Recorded information

__________

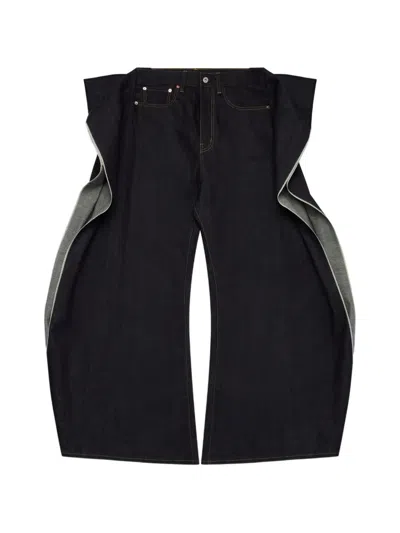 Junya Watanabe Wide-leg Selvedge Jeans In Black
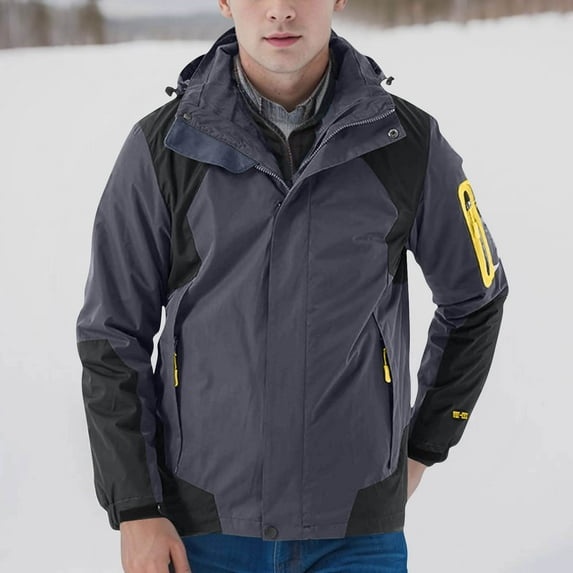 Fnnxeal Mens Rain Jackets Waterproof with Hood Windbreaker Lightweight Shirts Coat with Pocket Fall Winter Outdoor Long Sleeves Shirts Casual Dark Gray Jackets for Men Size XL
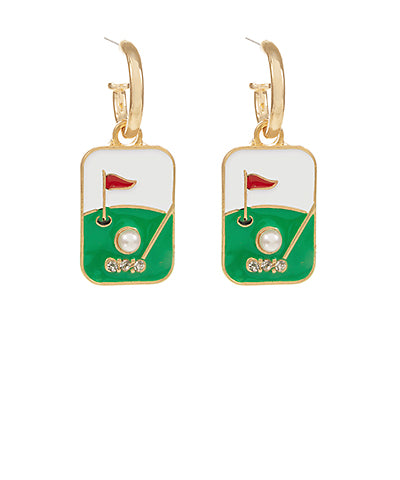Rectangle Enamel Golf Club Earrings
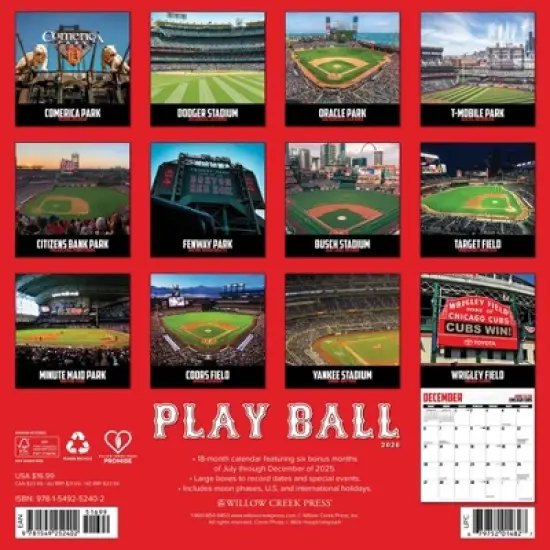 Willow Creek Press 2026 Play Ball Wall Calendar image {1}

__________

What you need to do
A verbatim copy of the data, pictures removed, is the expected result.

Exercise answer
 Junya Watanabe Wide-leg Selvedge Jeans In Black
 Fnnxeal Mens Rain Jackets Waterproof with Hood Windbreaker Lightweight Shirts Coat with Pocket Fall Winter Outdoor Long Sleeves Shirts Casual Dark Gray Jackets for Men Size XL
Rectangle Enamel Golf Club Earrings
 Willow Creek Press 2026 Play Ball Wall Calendar image {1}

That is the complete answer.